Wednesday, February 12, 2014

Nature Notes - Dogsitting


When I agreed to dog-sit my sister’s sprocker (springer/cocker cross) and springer, my first action was to scour the web for gundog training aids.  The dogs are, it’s fair to say, unrivalled as treat-seeking furry missiles but I wanted to see whaat they could do with something aa bit more interesting than a distressed tennis ball.

There are many gundog training aids, from realistic looking stuffed birds to the basic bean bags that I went for.  The bean bag is designed to let your dog learn how to carry a bird without ripping it to bloody feathery shreds and it’s fair to say that they were something of a hit.  Essentially they are nylon socks that are incredibly robust, with a lanyard at one end.  This allows the owner to pick up what very quickly becomes a muddy, drooly training aid, give it a couple of twirls and then slingshot it across the field with an over-excited dog in hot pursuit.  Repeat until your arm falls off.

The only moment when I questioned whether the bean bag was a good idea was when, after a particularly hearty throw, neither I nor the dogs could find the damn thing.  It was eventually discovered hanging from a tree branch.  Obviously, if it had had a treat sewn into the lining, the dogs would have been on it in an instant.

It’s not that they are greedy, although they can sometimes appear to emulate Greyfriar’s Bobby in their unswerving devotion to sitting beside the kitchen cupboard where their treats are kept (much in the same way that I will linger near a beer fridge), but they are proof positive that food can be used as a training aid.  In this case, they have both learned where the smacko’s are kept.

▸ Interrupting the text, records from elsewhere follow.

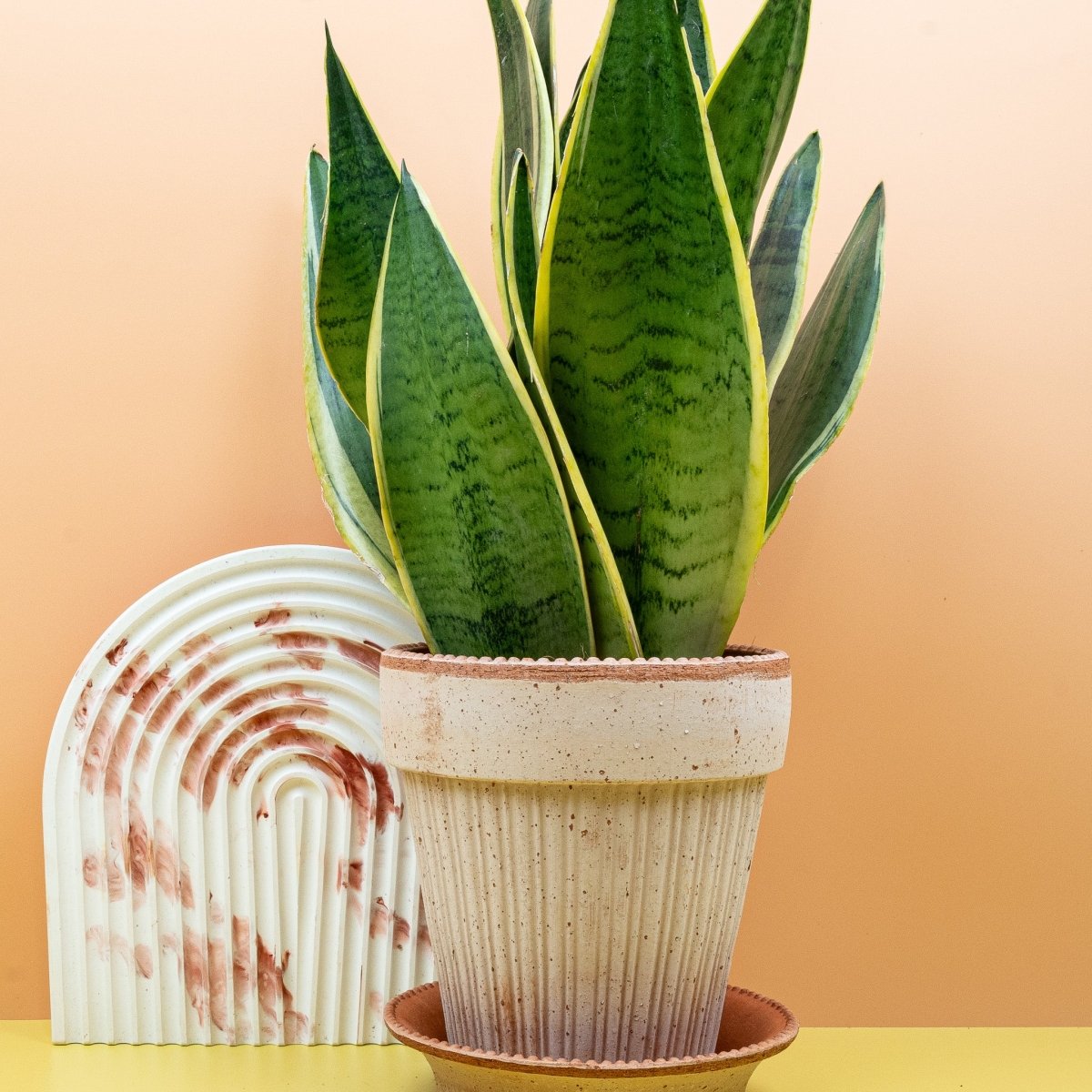 SANSEVIERIA SNOW WHITE online bestellen bei potflourri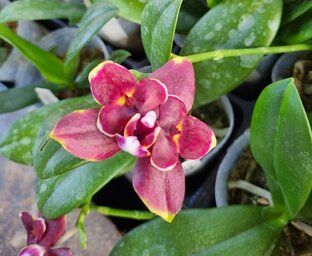 Бабочки орхидей 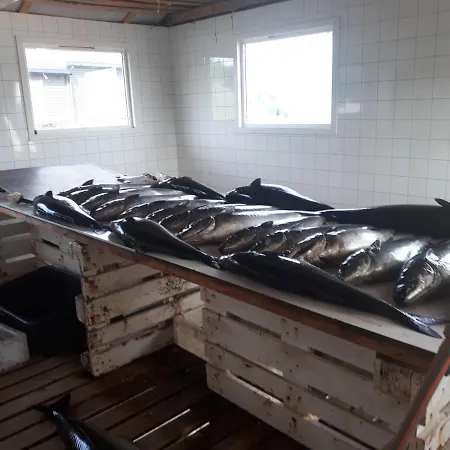 Captains Small House Hamneide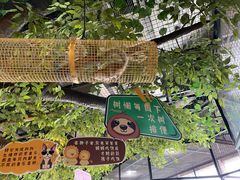-昆明大悦城未来动物城(螺蛳湾中心店)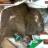 Крысы стали угрозой для жителей многоквартирных домов в Павлодаре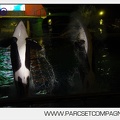 Marineland - Orques - Spectacles nocturne - 5988
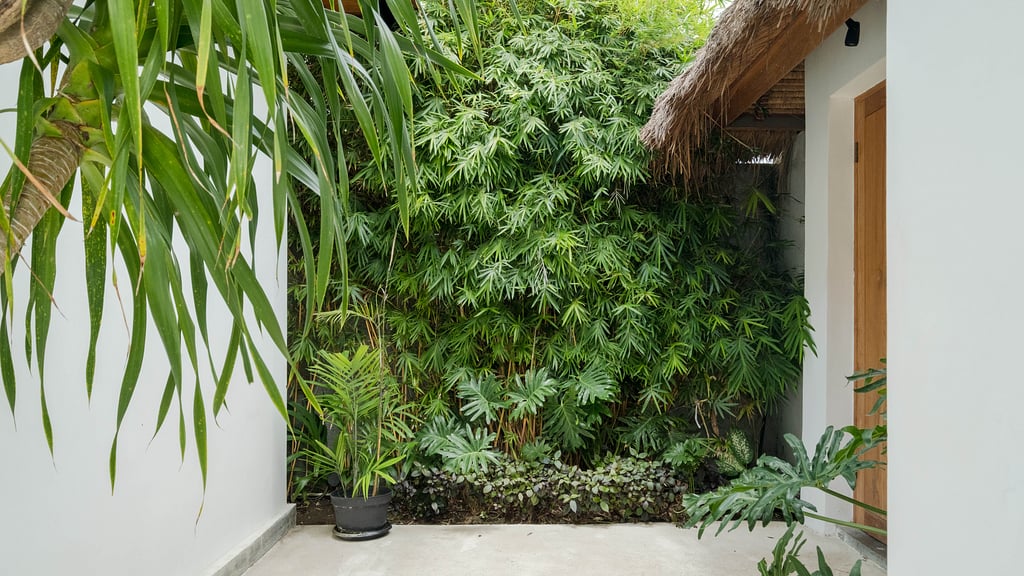 Villa Lapis 1: Others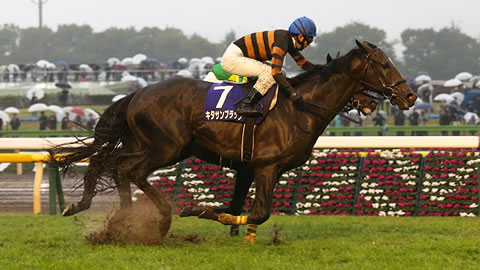 やっちまった速報(最新記事3)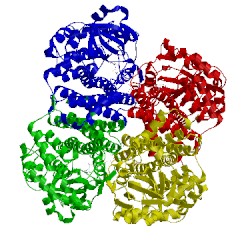 Image of CATH 2reh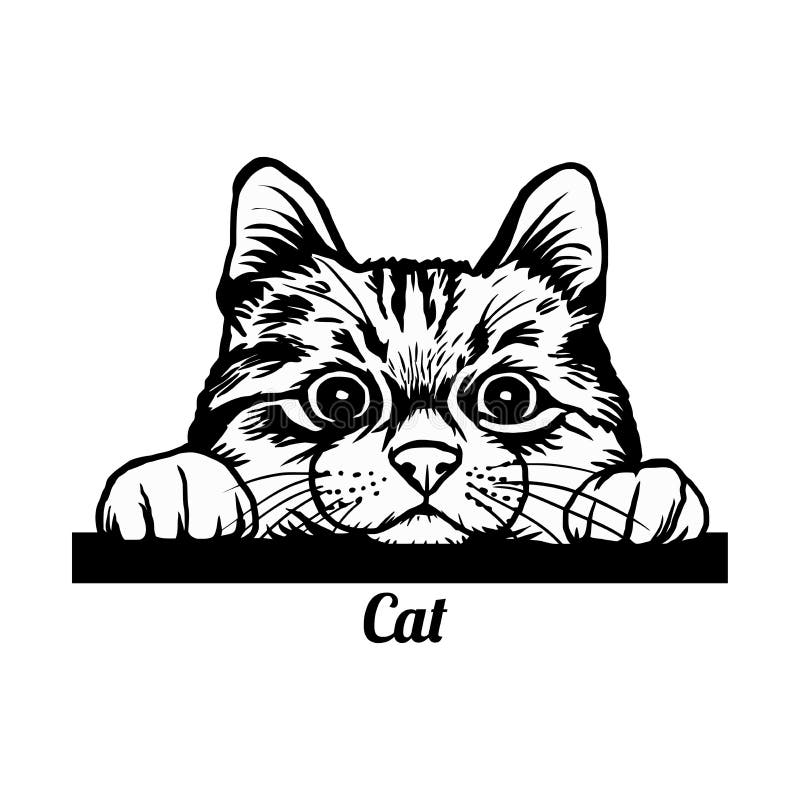 Cat Peeking Stock Illustrations – 2,371 Cat Peeking Stock Illustrations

The golden rule of throwing the dummy was never to toss it anywhere where you couldn’t see it land.  The dogs are tenacious in their pursuit of the dummies and won’t let small things like ponds, or sudden drops , put them off.

There is an art to throwing the dummy, and an art to getting the damn thing off of the dogs once they have retrieved it.  This involves just the right amount of cajoling and shouting and, if all else fails, bribing them with a treat.

Now all I need to find is a fluorescent pheasant and the dogs will be ready for action.  With advances in GM food being made the way they are, I’m confident I won’t have long to wait.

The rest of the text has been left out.